Letters of Sri Aurobindo

Volume III - Part 4

Fragment ID: 13414

The attitude which he describes, if he keeps it correctly, is the right one. It brought him at first the beginning of a true experience, the Light (white and golden) and the Force pouring down from the Sahasradala and filling the system; but when it touched the vital parts it must have awakened the prana energies in the vital centres (navel and below) and as these were not pure, all the impurities arose (anger, sex, fear, doubt etc.) and the mind became clouded by the uprush of impure vital forces. He says that all this is now subsiding, the mind is becoming calm and in the vital the impulses come but do not remain. Not only the mind but the vital must become calm; these impulses must lose their force of recurrence by rejection and purification. Entire purity and peace must be established in the whole ādhāra; it is only then that he will have a safe and sure basis for further progress.
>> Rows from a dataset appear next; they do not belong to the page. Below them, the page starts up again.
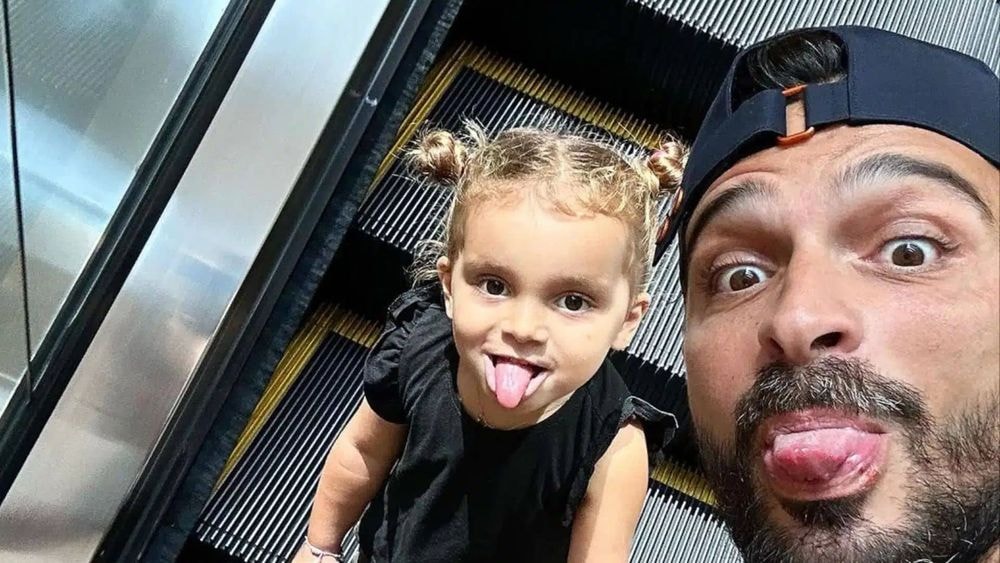 Julien Tanti : le deuxième prénom très original de sa fille Angélina choque les internautes !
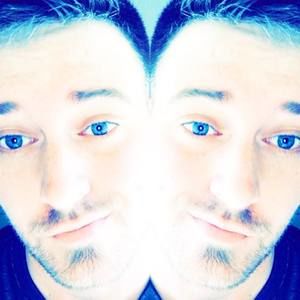 Meet your Posher, Evan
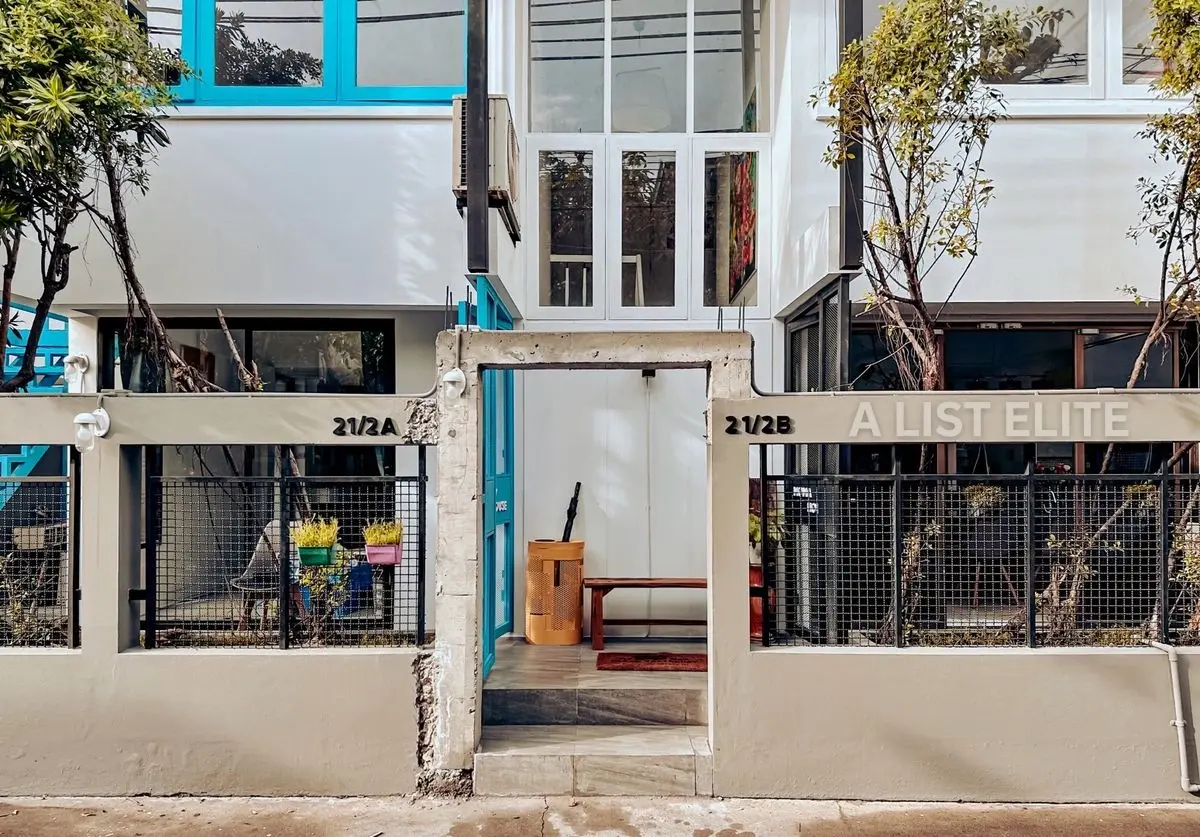 Maison de ville Ekkamai 12 - Vie moderne au cœur de Bangkok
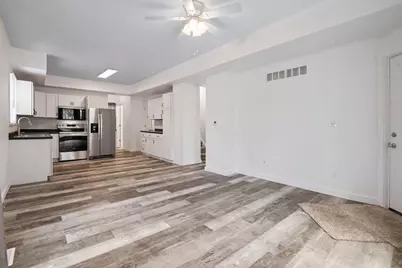 16 S Broad Street, Battle Creek, MI 49017 - Photo 5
The reason why the force flows out of him must be because he allows himself to become too inertly passive and open to everything. One must be passive only to the Divine Force, but vigilant not to put oneself at the mercy of all forces. If he becomes passive when he tries to see God in another person, he is likely to put himself at the disposal of any force that is working through that person and his own forces may be drained away towards the other. It is better for him not to try in this way; let him aspire for the Peace and Strength that come from above and for entire purity and open himself to that Force only. Such experiences as the feeling of the Divine everywhere (not in this or that person only) will then come of themselves.